Stefano Boeri, President of Triennale Milano, explains that “For many years, Triennale Milano has been working on a project devoted to the great Italian masters of design, from Enzo Mari to Ettore Sottsass, to Achille Castiglioni and Pietro Lingeri. The latest is now Angelo Mangiarotti, an eclectic international personality who over the years carried out superb experiments in the fields of architecture, design, sculpture and infrastructure planning. The retrospective we are now putting on once again gives this key figure in the world of twentieth-century design his rightful place in history.”

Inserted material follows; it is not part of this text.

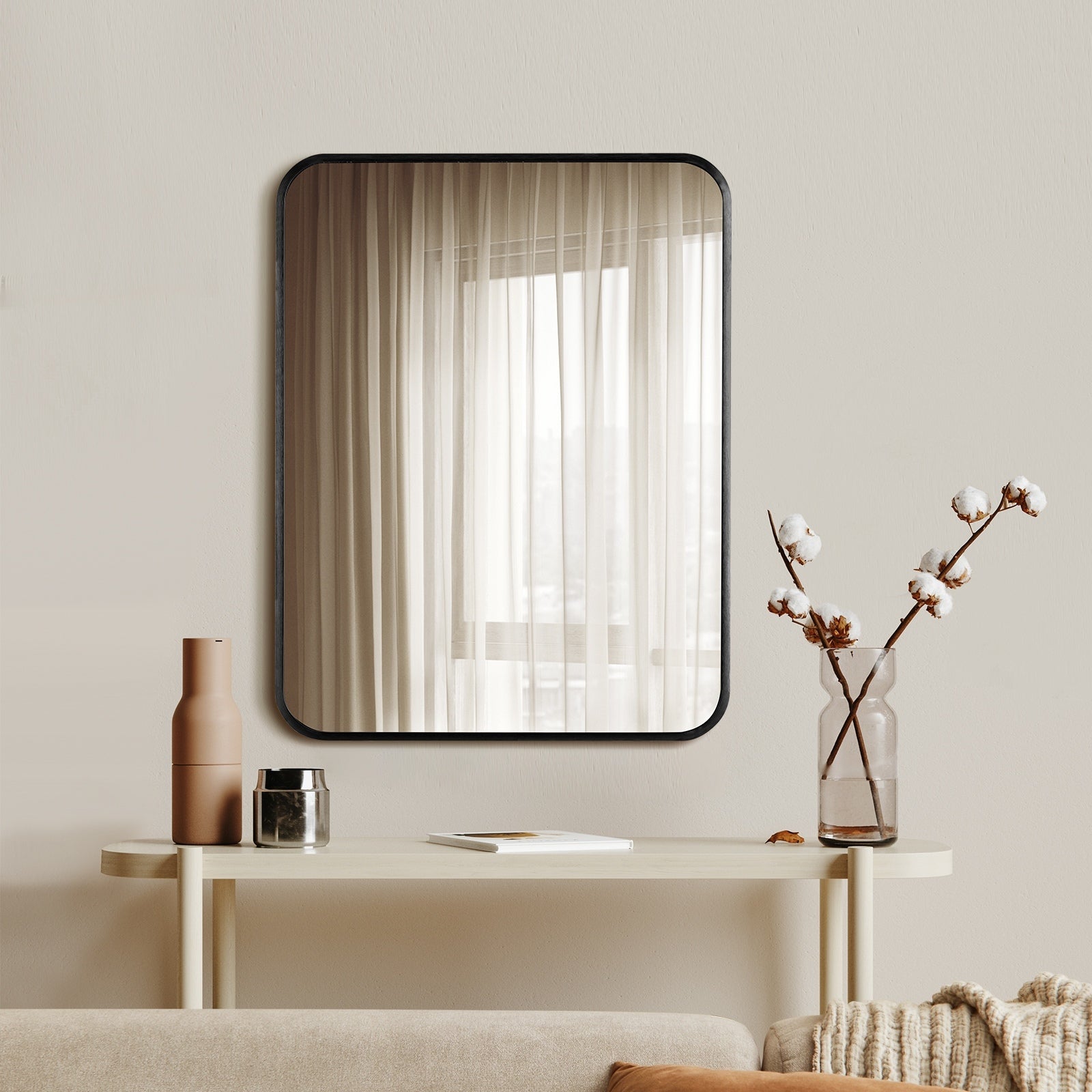 Oikiture Wall Mirrors Rectangle Makeup Mirror Metal Frame 65x50cm Black - Sunyee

Renzo Piano, who met Mangiarotti while at the Politecnico University of Milan and during work on the 14th Triennale (1968), has assisted in setting up this exhibition, as a way of paying homage to Mangiarotti’s precise way of interpreting the theme of space, which was one of the hallmarks of his work. The installation design created by Ottavio Di Blasi & Partners consists of a series of platforms that reflect the core themes of the exhibition—from node to joint, sculpture to assembly, abstraction to sensuality. Each table displays a series of study models, prototypes, completed works and fragments of work, showing the visitor the wealth and range of Mangiarotti’s experimentation and the workshop-like atmosphere of his studio.
The exhibition focuses on the way Mangiarotti approached each design problem as part of a much broader whole, in which experimentation, the characteristics of the material and its static functions went far beyond the laws of structure, involving experiments with materials such as concrete, marble and glass.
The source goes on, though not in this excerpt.